> Goal of the exercise: Leaving all pictures out, output exactly and only the line containing "kitchen featuring a" and the lines that follow it to the end of the material below.

> Input data:
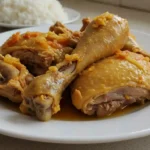 Home-cooked dorso de frango served in a white bowl on a kitchen countertop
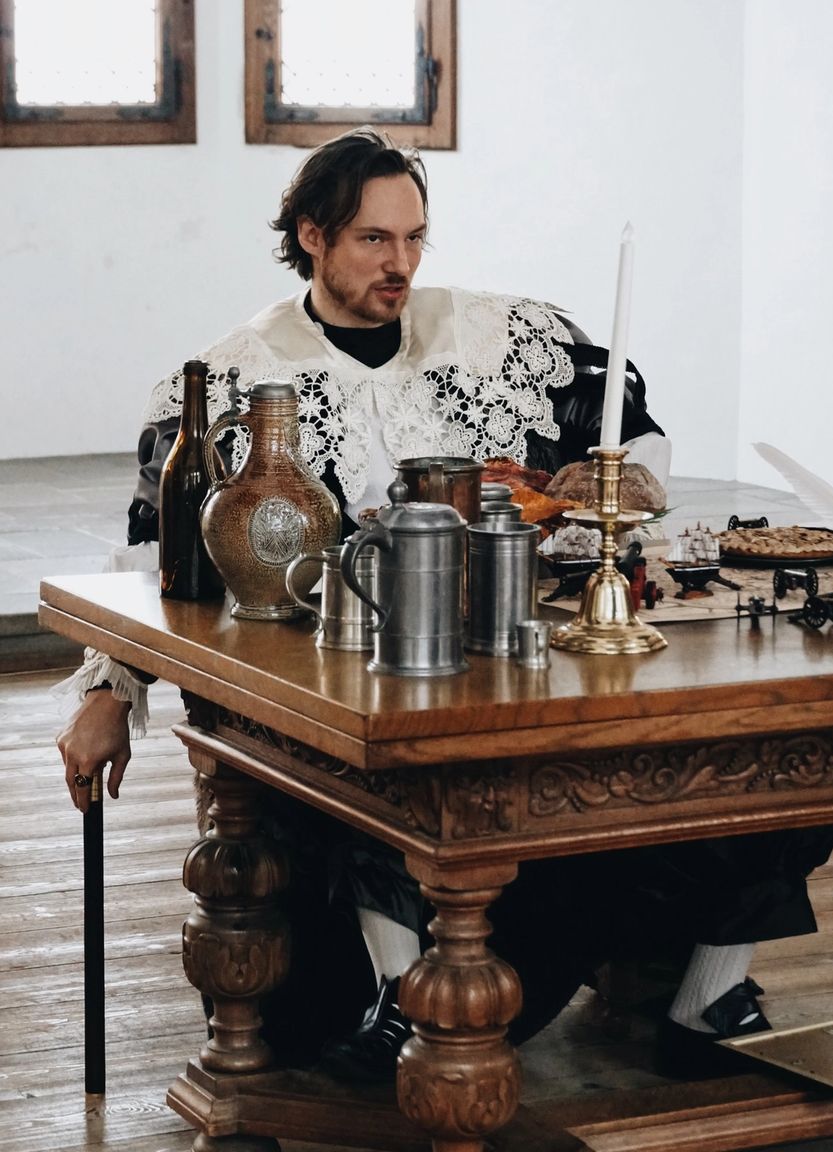 Skuespiller i historisk dragt sidder ved bord.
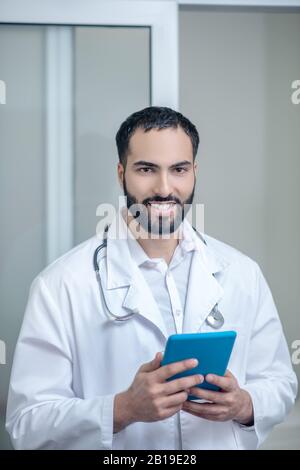 Männlicher Arzt in einer weißen Robe, die eine Tablette hält und lächelt Stockfoto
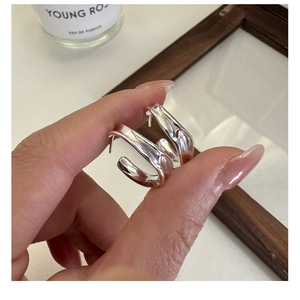 Detailed view of silver S925 fluid irregular curved hoop earrings held by hand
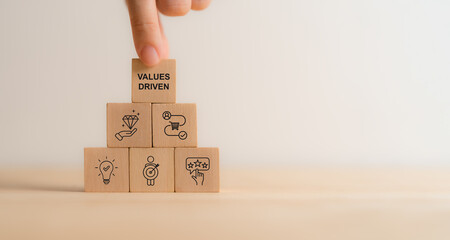 Values Driven Marketing Concept. Values driven marketing icons on wooden blocks representing...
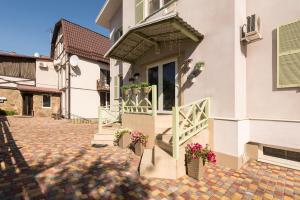 a house with a gate and flowers in a courtyard at Mini Hotel Ryleev in Kharkiv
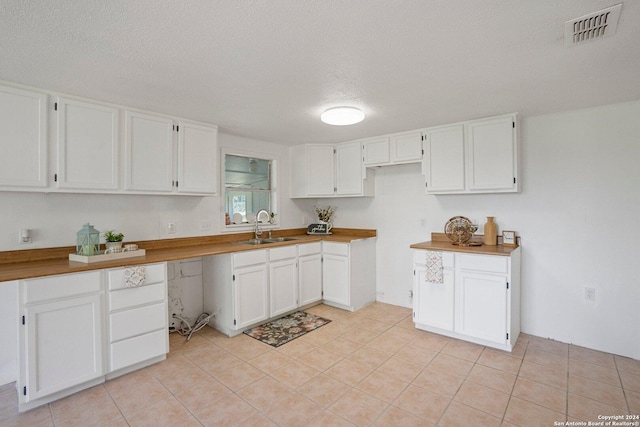 kitchen featuring a sink, visible vents, and white cabinets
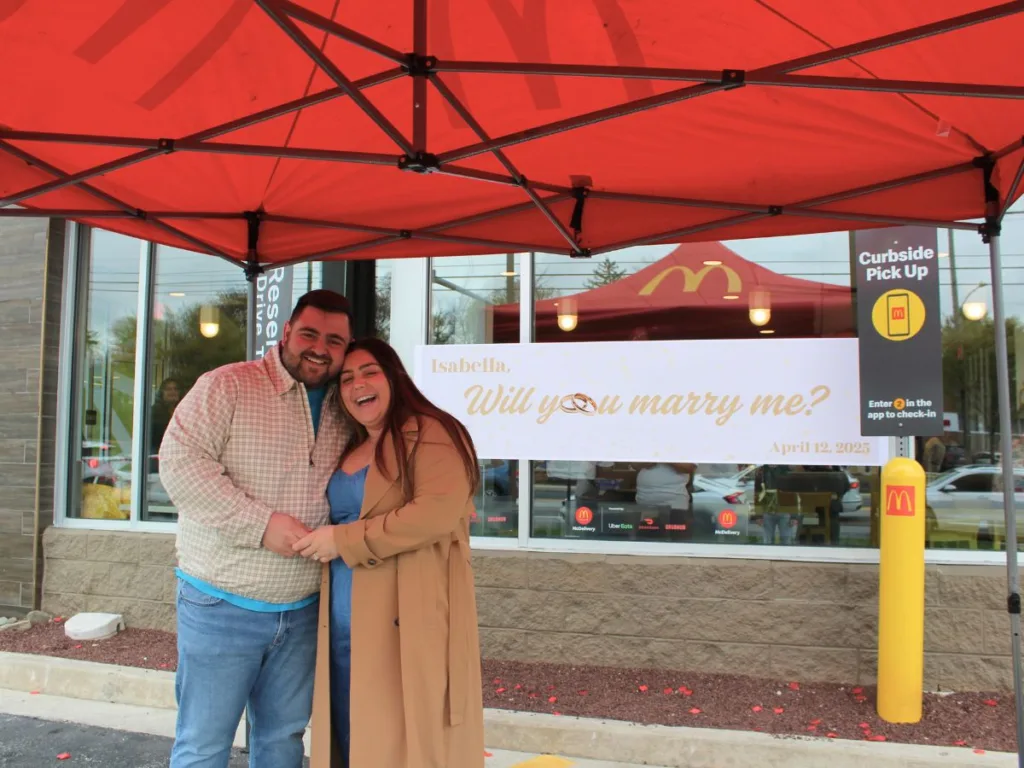 Happy couple smiling under McDonald’s tent after McDonald's proposal.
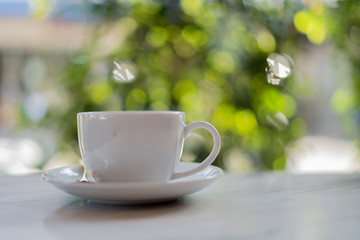 The white ceramic coffee cup with coaster is placed on a brown wooden base on the back, naturally a blurred background.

> Output for this exercise:
 kitchen featuring a sink, visible vents, and white cabinets
 Happy couple smiling under McDonald’s tent after McDonald's proposal.
 The white ceramic coffee cup with coaster is placed on a brown wooden base on the back, naturally a blurred background.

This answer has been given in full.